The OSI helps visualize the hand-offs related to the specific jobs and protocols performed at each layer during data transfers occurring on the network.
The Institute of Electrical and Electronics Engineers (IEEE) developed IP multicasting protocols with the Internet Group Management Protocol (IGMP) to deliver single streams of information to multiple recipients, guaranteeing that all group members can receive messages, all group members can send messages, and group members can leave and join groups dynamically. These IGMP protocols operate at Layer 3 (Routing).
At Layer 2 (Switching), the Internet Engineering Task Force (IETF) developed "IGMP Snooping" to allow switches to work with the Layer 3 (Routing) IGMP protocol.
To solve the problem of needing to traverse Layer 2 broadcasted traffic through routed networks, devices rely upon the concept of using Layer 3 broadcast overlays based on IP multicasting protocols, IGMP, and IGMP snooping.
Types of traffic
Where traditional IP communication over hubs and switches allowed a device to send packets directly to another single device (unicast transmission) or to all devices (broadcast transmission) on the network, the need for IP multicast created a third possibility for allowing hosts the ability to send packets to a subset of all hosts as a group transmission.
Unicast traffic describes packets sent to a single destination interface using any pathway available traveling point to point on the network. This traffic type requires one sender and one receiver sending packets with session-based protocols like Transmission Control Protocol (TCP) and User Datagram Protocol (UDP).
Common transfer mode examples of TCP are http, telnet, smtp.

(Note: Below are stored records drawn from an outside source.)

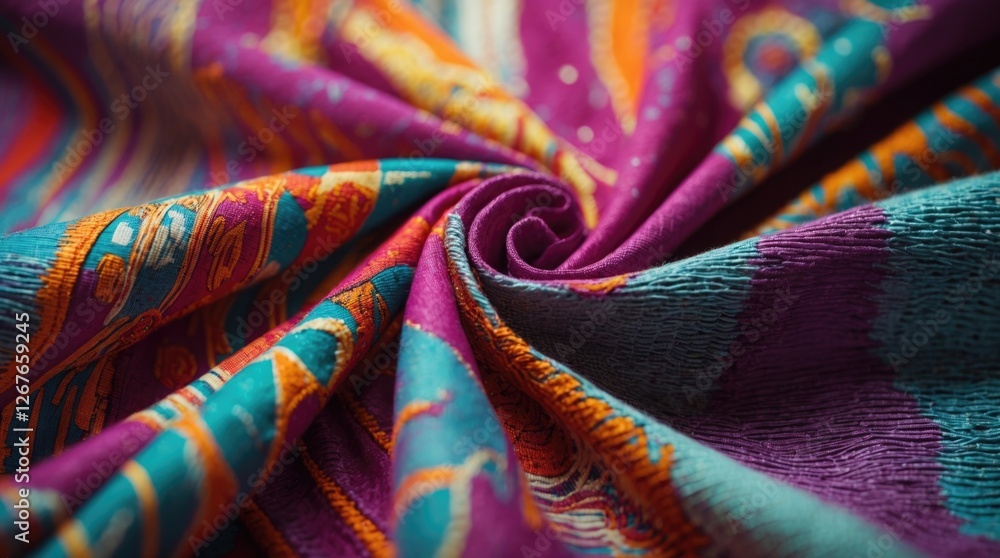 Poster vibrant textile fabric close-up showcasing intricate patterns and rich colors in a swirling design i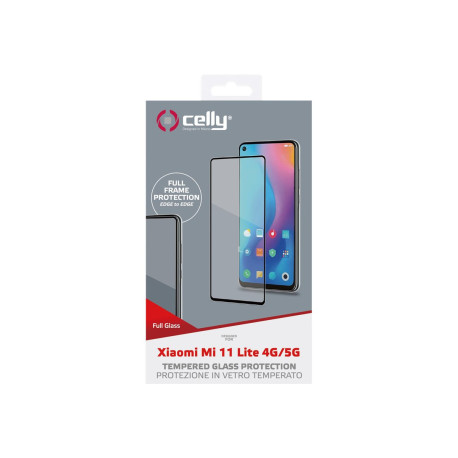 Celly Full Glass - Protezione per schermo per telefono cellulare - vetro - colore telaio nero - per Xiaomi MI 11 Lite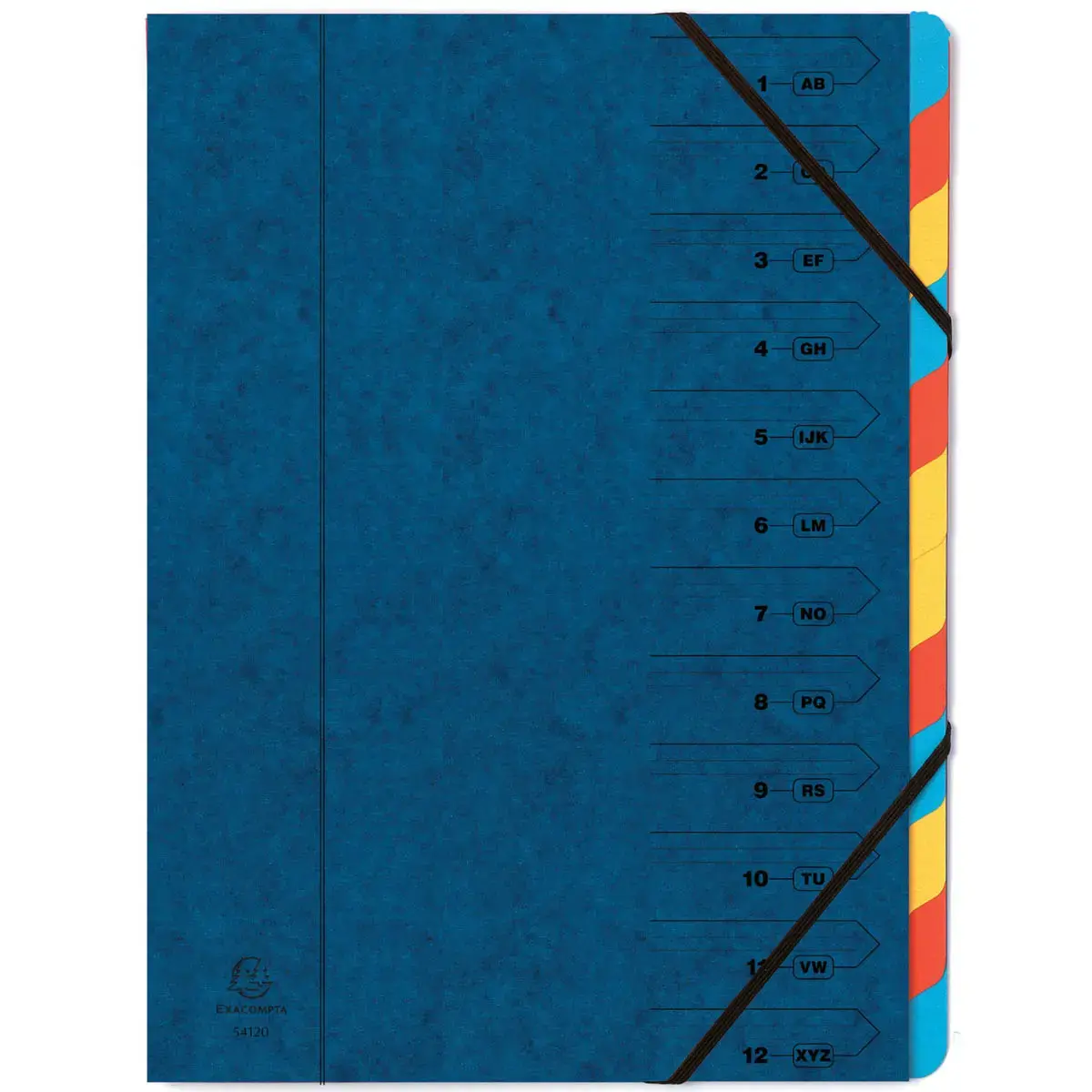 Sorteermap elastosluiting 12 vak blauw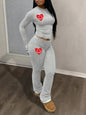 Women's Fashion Personality Heart Printing Suit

Common transfer mode examples of UDP are VoIP, video conferencing, streaming media, real-time services.
Broadcast traffic describes a single device sending communications to every other device on the network. Common examples of broadcast traffic on LANs include ARP messages querying all computers on the LAN. Remember too that broadcast traffic is not routable traffic.
Multicast enables a single copy of data transmission from one node to multiple recipients. The transmitting device will forward UDP packets to a multicast IP address and port so all destinations that want to receive the stream can receive the transmission saving bandwidth and network overhead.
Multicast traffic is routable traffic but requires IGMP and PIM to control flooding the entire network, saturating uplinks, and potentially taking the network down.
Multicast routing protocols require edge devices (i.e. PCs and AV devices) to tell routers about their desire to receive multicast streams from sending devices.
The sending devices define the "roots" of the "distribution tree", sending their traffic to the "branches" of the tree (routers and switches) who then forward it to the "leaves" of the tree (the requesting endpoint devices). Distribution trees are created via the routers using group membership protocols to learn about senders and receivers that want to talk to each other.
Multicast network requirements
Multicasting networks can be as simple as a single switch, or as complex as spanning an entire enterprise network. In all cases, the level of services required will vary needing to be configured according to the application.
At a minimum, layer 2 multicasting requires:
- · Managed switches from the same vendor
- · IGMP Snooping
- · IGMP Querier (Designated Querier, allowed one per subnet, typically a router unless no routers exist you can set a core switch in the network to carry out this duty)
- · A form of Spanning Tree Protocol (STP, RSTP, MSTP)
Networks requiring Layer 3 Multicast Routing support will require enabling their routers to support a multicast routing protocol using one of the Protocol-Independent Multicast (PIM) options and should additionally apply QoS along with storm control for broadcast and multicast.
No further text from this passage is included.